Se agora trago essas reminiscências é porque me veio às mãos a notícia de que os juízes federais querem tomar a si a jurisdição eleitoral, sob o argumento de que ficam alheios a pressões políticas locais e aumentarão a eficiência dos julgamentos de primeiro e segundo graus.
A afirmação, como todos os enunciados assim formulados, tem duas faces: a primeira, expressa em todas as palavras, é a de que os juízes federais saberão exercer melhor a jurisdição eleitoral, porque estão livres das pressões políticas locais; seu reverso, subentendido, é o de que os juízes estaduais, que atualmente exercem a jurisdição eleitoral, são mais vulneráveis a se dobrarem às pressões políticas locais.
Mais do que uma deselegante comparação, esse raciocínio revela um grave equívoco epistemológico das lideranças da magistratura federal, talvez decorrente da circunstância de que, como regra, a jurisdição federal se faz, de fato, a alguma distância do jurisdicionado, o que, parafraseando um ex-presidente, talvez dificulte sentir o cheiro do povo.
O grande problema dessa visão é identificar como trunfo dos juízes federais esta relação estratosférica com a sociedade, fato que lhes asseguraria, lembrando palavras de outro ex-presidente, contatos mais assépticos com o jurisdicionado.
Se, por um lado, revela uma distinção arrogante, preconceituosa não só em relação aos magistrados estaduais como igualmente aos próprios jurisdicionados, por outro lado essa visão traz em si a ideia de que é melhor a jurisdição de quem está longe e acima do destinatário de seu trabalho.
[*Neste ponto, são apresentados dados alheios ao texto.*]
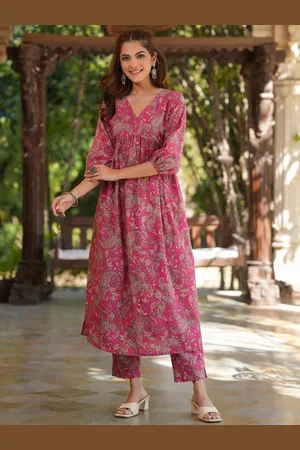 Janasya Women Pure Cotton Floral Printed A-line Kurta Set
Por esse entendimento, o juiz que cumprimenta o vizinho, que vai à vila ouvir a pessoa presa a uma cama, que visita o presídio, que vai à formatura não pode ser juiz eleitoral, porque vulnerável às pressões políticas locais; será melhor juiz eleitoral aquele que não realize tantas audiências, que não conheça os candidatos e nem os eleitores e talvez more bem longe do lugar onde presidirá a eleição. Não é como vejo o juiz, não é como vejo o Judiciário numa sociedade democrática.
Certamente, a sociedade merece argumentos melhores para decidir eventual mudança sobre a jurisdição eleitoral, que, de antemão, parece difícil pela singela circunstância de que não há juízes federais para tantas zonas eleitorais.
De minha parte, e até negligenciando o fato de que, mais do que o artigo 32 do Código Eleitoral, a própria Constituição Federal atribui a jurisdição eleitoral aos juízes de direito, quero trazer um ponto à discussão: o do pacto federativo, reafirmado na Constituição de 1988 e insuscetível de revisão. As eleições são municipais, estaduais e federais; nestas últimas, à exceção das eleições presidenciais, as circunscrições são também estaduais.
Ora, o pacto federativo, o respeito às federações, não é para inglês ver, ainda que a voracidade arrecadatória do governo central reduza muitas vezes os Estados e Municípios a meros pedintes – por consequência, apresente uma Justiça Federal amplamente aparelhada e uma Justiça Estadual sucateada.
Se vivemos numa Federação, não podemos, a todo momento e a qualquer pretexto, reforçar a ideia do Estado Unitário, não podemos estimular que a União mais e mais se imiscua no âmbito estadual e municipal. Não é gratuita a opção pela atribuição da jurisdição eleitoral aos juízes estaduais, e nem apenas resultado da falta de maior capilaridade da Justiça Federal, é antes consequência da opção constitucional pela Federação, e isso não pode ser mudado.